The distribution of U.S. investment in research and development (R&D) across countries and industries has undergone a dramatic shift since the 1990s, with R&D becoming less concentrated geographically and growing rapidly in less developed markets such as China and India. The phenomenon of R&D globalization is also distinguished by its concentration in the domains of software and information technology (IT). In this context, a new analysis examines how changes in innovation within firms and a shortage of human capital in the United States in the fields of software and IT have driven U.S. multinational companies to establish and expand new innovation hubs abroad.
The analysis, by researchers at Carnegie Mellon University and Georgetown University, was published as a working paper by the National Bureau of Economic Research.
“Our findings support the view that the globalization of U.S. multinational R&D has reinforced the technological leadership of U.S.-based firms in the information technology domain,” noted Lee G. Branstetter, professor of economics and public policy at Carnegie Melon University’s Heinz College of Information Systems and Public Policy, who led the study. “And that multinationals’ ability to access a global talent base could support a high rate of innovation even in the presence of the rising human resource cost of frontier R&D.”
The analysis documents three important issues: the growing globalization of R&D, the increasing importance of software and IT to firms’ innovation, and the rise of new R&D hubs and the differences in the types of activity done there. The researchers argue that these are not separate issues but are closely related, and that the shift toward increasing reliance on software and IT in innovation is driving multinational corporations abroad in search of scarce talent.
Based on their analysis, the researchers conclude that the United States is experiencing constraints on the supply of human capital in the fields of software and IT, which limit the possibilities for U.S.-based multinational firms to be innovative. Global flows of investment, people, and ideas could help relax these constraints to some extent, they suggest, raising growth, productivity, and consumption possibilities worldwide. However, since the 1990s, the U.S. labor market has become more closed to immigration, which, in some cases, has spurred firms to shift some of their R&D to the places from which they had recruited engineers. Education policies could also expand the supply of IT and software workers in the United States, they suggest.

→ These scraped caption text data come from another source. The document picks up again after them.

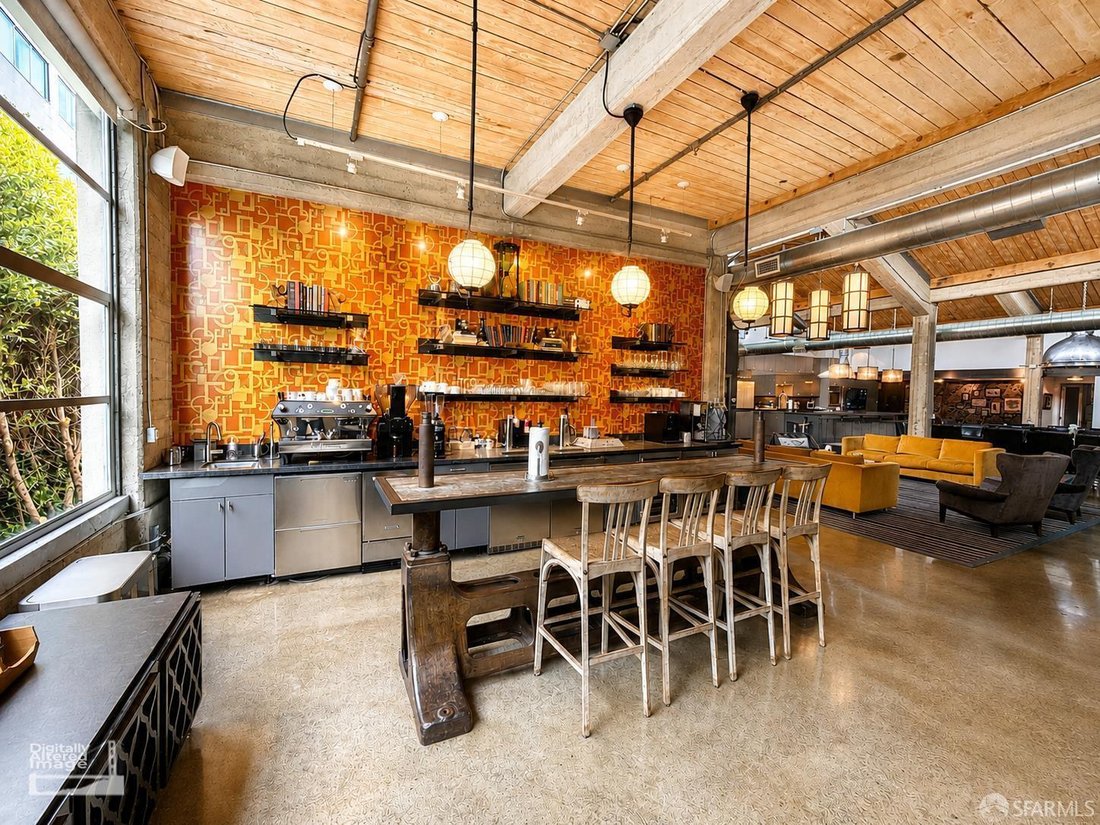 Condo in San Francisco, California, United States 3 - 18630844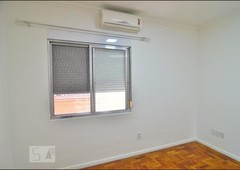 APARTAMENTO no 1º andar com 1 dormitório e 1 garagem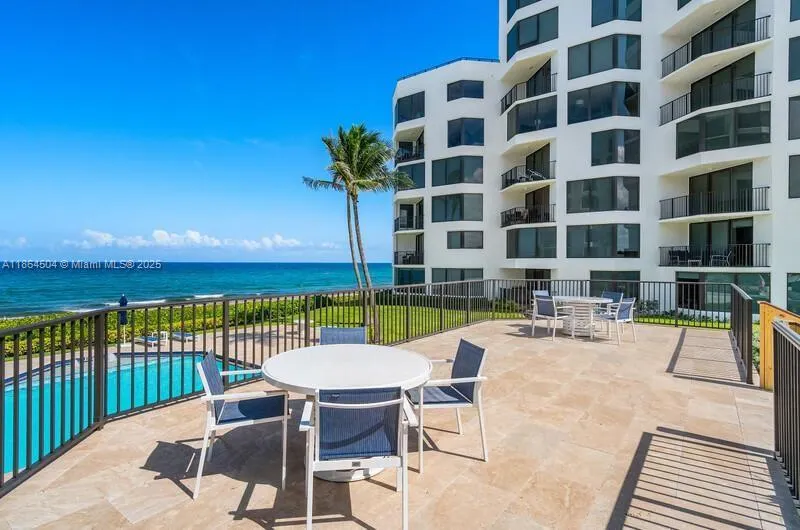 2575 S Ocean Blvd, #105S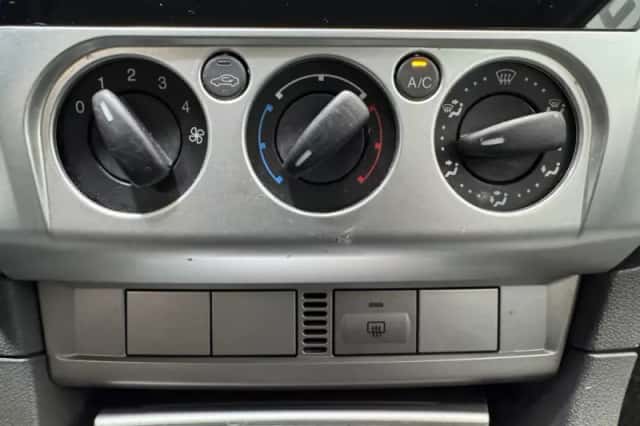 Ford Focus (2010) thumbnail 15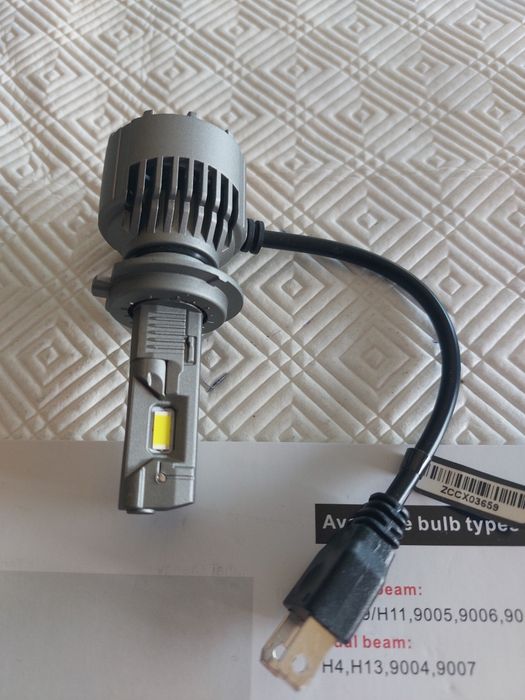 Lâmpada LED AUTO Q66 H7 H4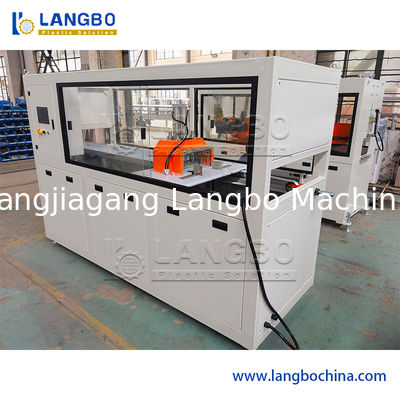 WPC-PVC-Plattenmaschine Verkleidung Dachwand-Platten-PVC-Deckenplatten Hohl Dekorationsplatten Profil Extrusionsmachung Extrudermaschine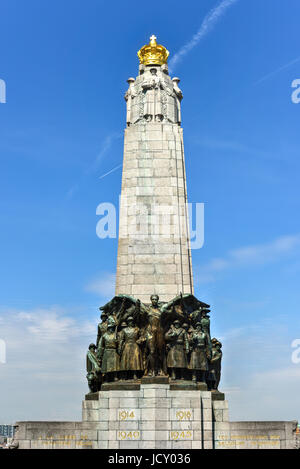 L'infanterie mémorial de Bruxelles est à la mémoire des soldats belges qui ont combattu dans la Première Guerre mondiale et la seconde guerre mondiale. Banque D'Images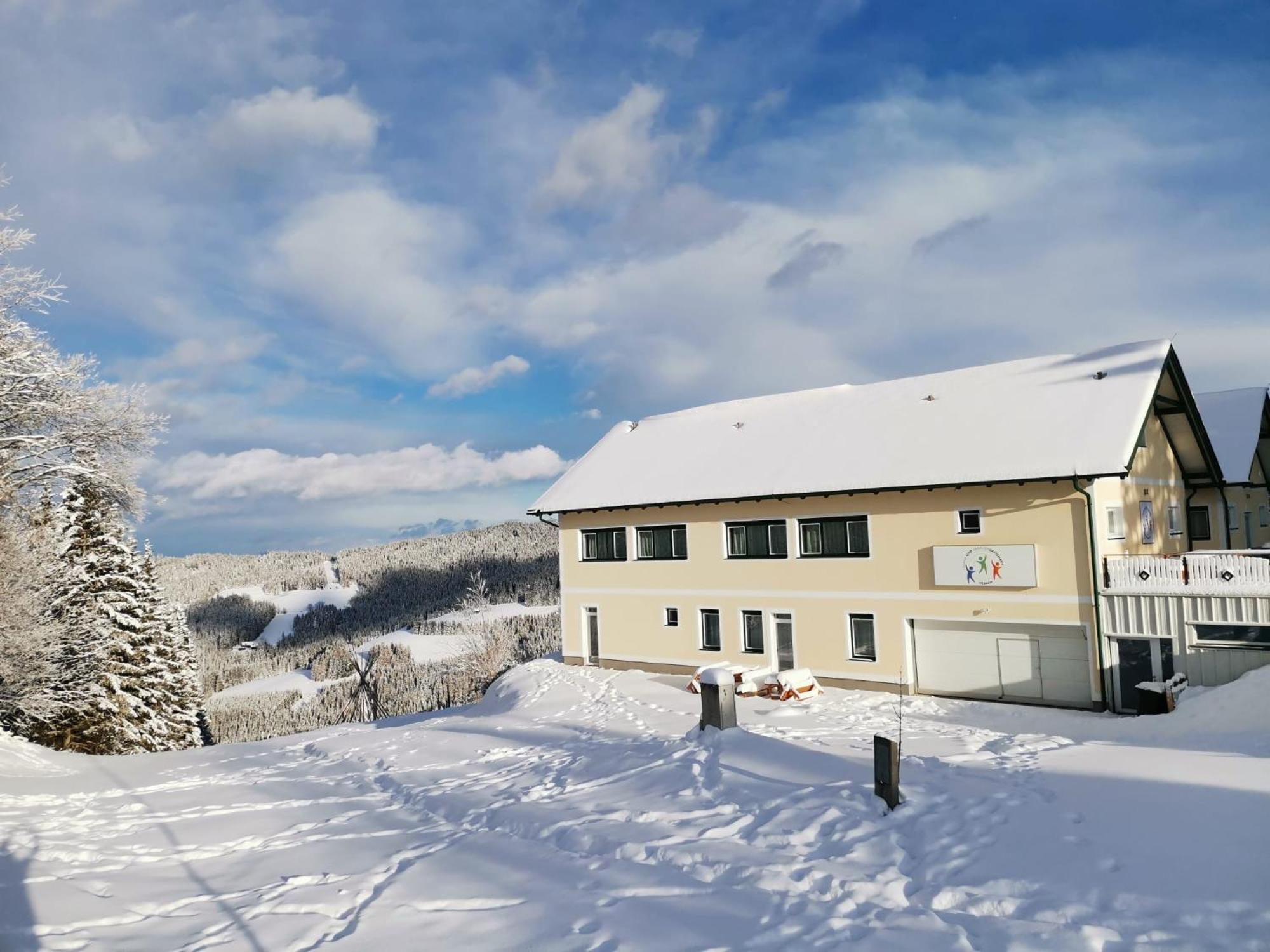 Gaestehaus Hebalm, Family & Friends Auf 900 M2 Wohnflaeche Erleben, Alleinnutzung Moeglich Pack 外观 照片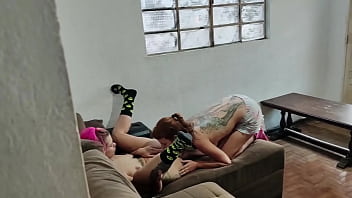 Namoradas pegas no ato se pegando longe dos namorados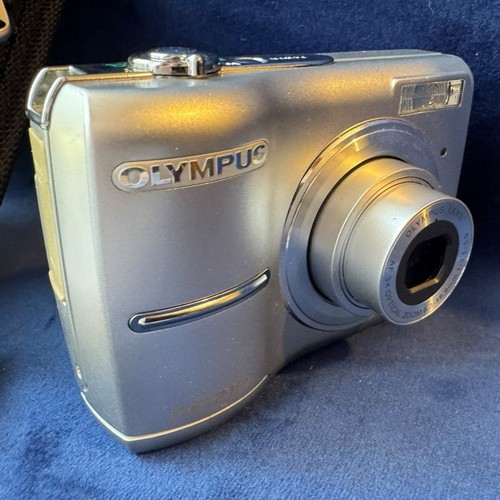 Olympus FE-210 7.1MP Digital Camera Compact Silver Bundle Tested & Working - Picture 10 of 15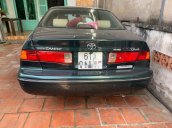 Cần bán Toyota Camry năm sản xuất 2001 còn mới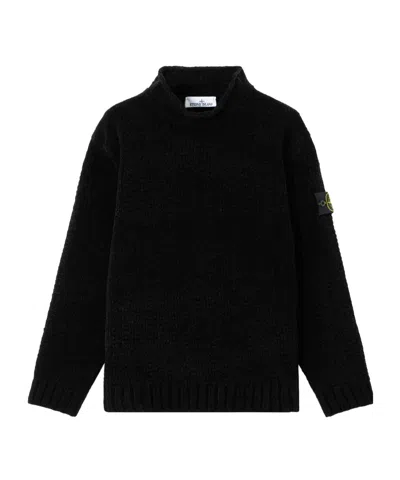 STONE ISLAND LOGO-BADGE SWEATER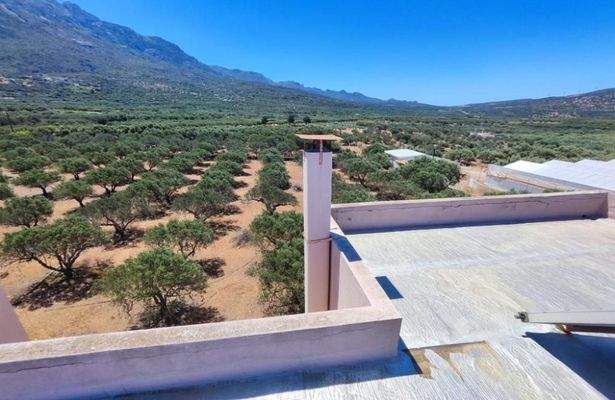 Kreta, Monastiraki: Großes Anwesen mit vielen Möglichkeiten zu verkaufen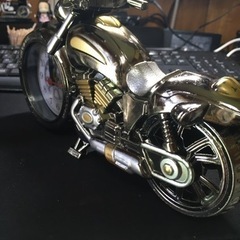 バイク型置き時計の画像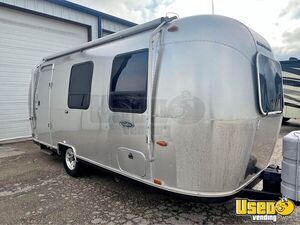 2008 - 22' Airstream Safari Sport Mobile Tiny Home Trailer with Bathroom for Sale in Texas!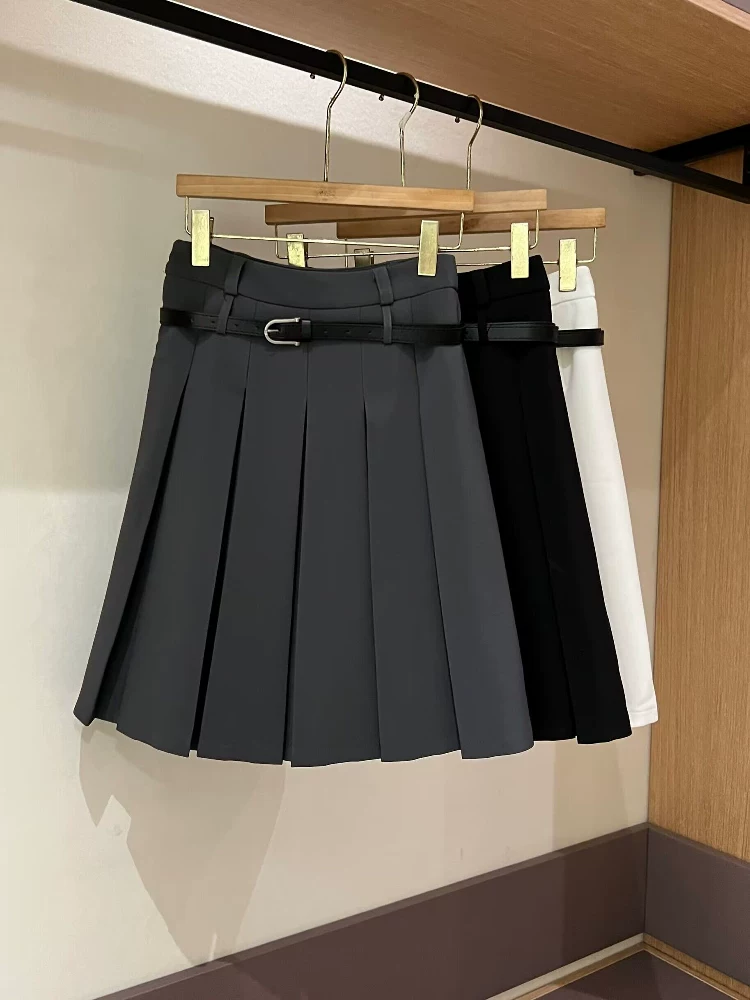 Váy xếp ly màu trắng cao cấp dành cho nữ, thiết kế mùa thu, kiểu dáng độc đáo, dáng chữ A dài trung bình, phong cách preppy che hông.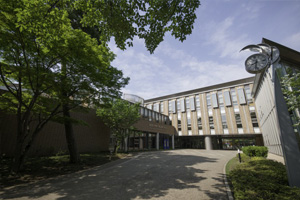 法政大学中学校 校舎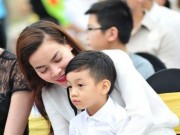 Làm mẹ - Người nổi tiếng và nỗi lo con cái trở thành “cái rốn của vũ trụ”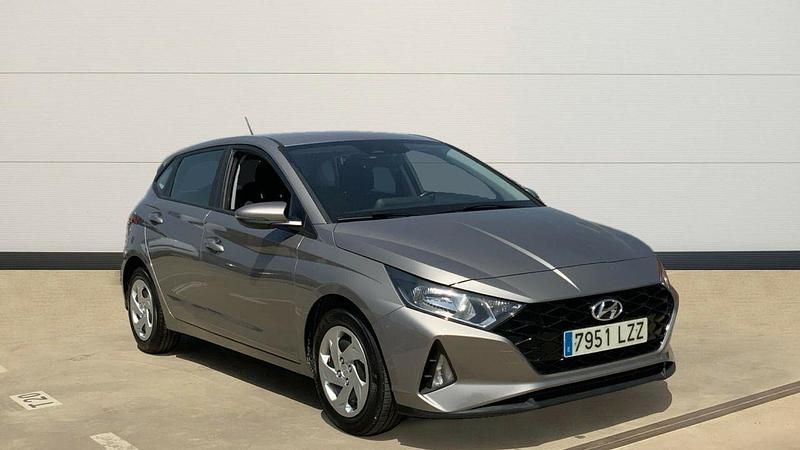 Gris / plata Usado 2022 Hyundai i20 Berlina | 14.900 € (Precio justo) - Imagen 1/4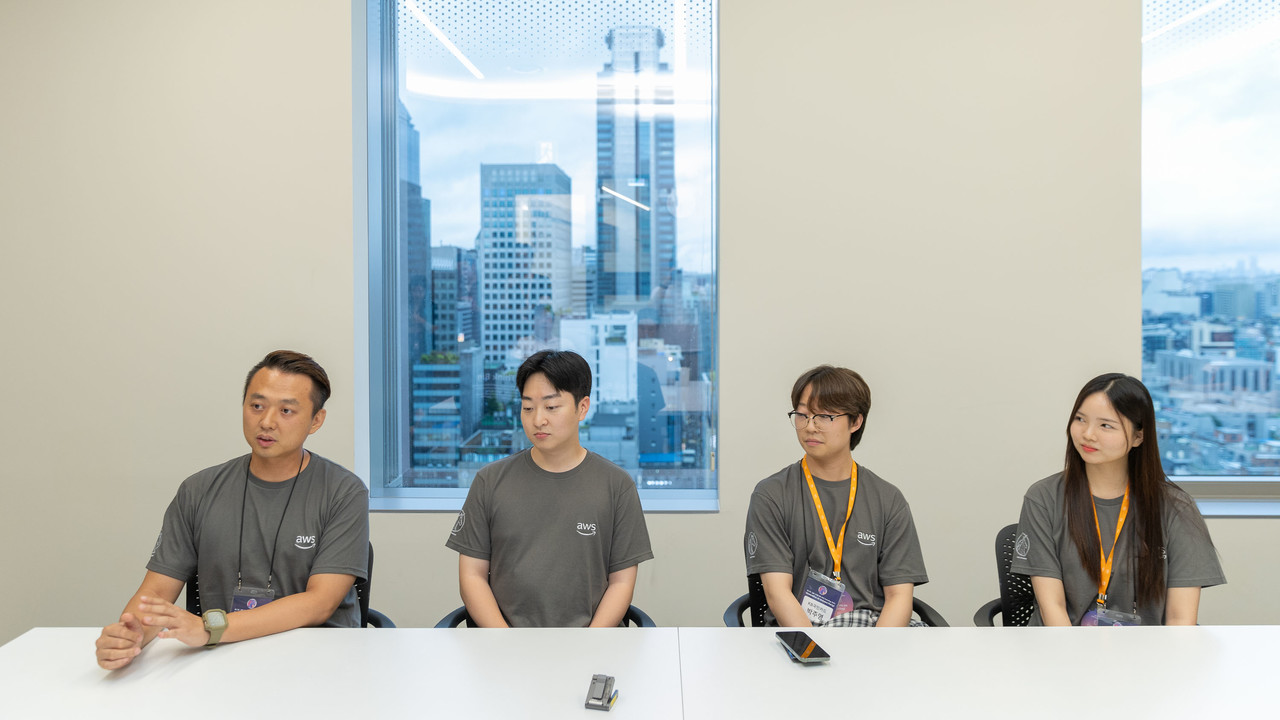 3등 KB국민카드(팀명: 디펜더) (왼쪽부터) 박창용 과장, 홍윤표 계장, 박주영 계장, 이효민 계장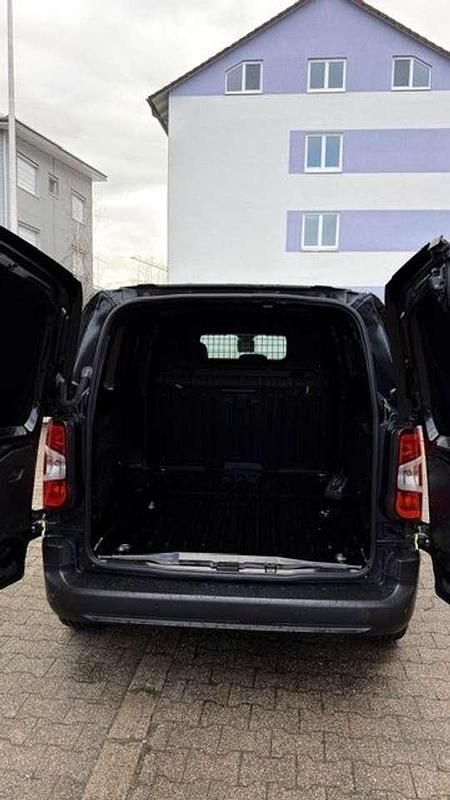 Gebraucht Citroën Berlingo 102 PS (75 kW) 2021 Noir onyx Van / Kleinbus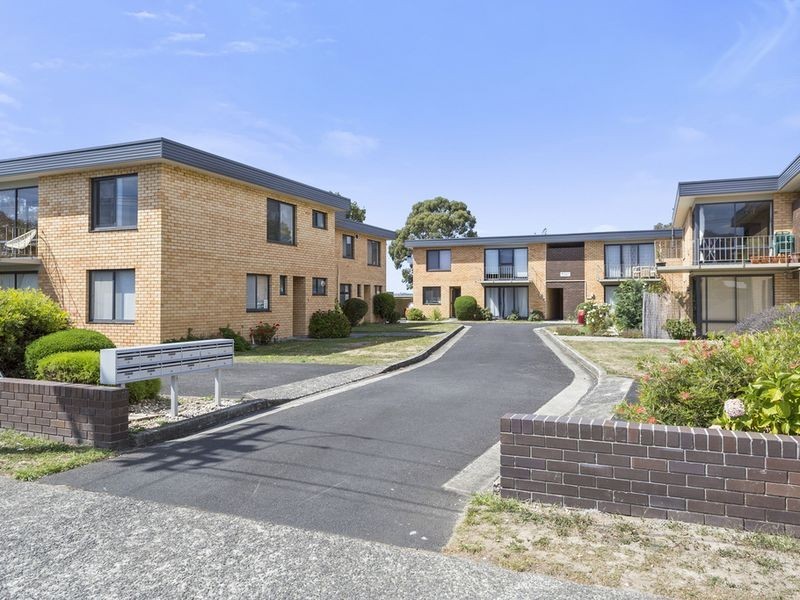 9/13 Windsor Street, Kingston Beach TAS 7050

The authors also document a sharp rise in outbound foreign direct investment focused on R&D at a time when U.S. and other political leaders have assailed such investment for weakening U.S. production, employment, and growth. In contrast, the authors’ work suggests that the globalization of R&D by U.S. multinationals will strengthen these U.S.-based firms, by enabling them to continue to innovate in the face of human capital constraints.
“To the extent that the rapidly growing investments in global R&D networks are rational, they provide a new reason for worry that policymakers around the world are rejecting globalization,” according to Britta M. Glennon, Ph.D. student at Heinz College, who coauthored the study. “If a greater globalization of R&D is required to maintain a flow of innovations in the domains where technological opportunity is greatest, then de-globalization could have severe consequences for the future trajectory of growth and living standards.”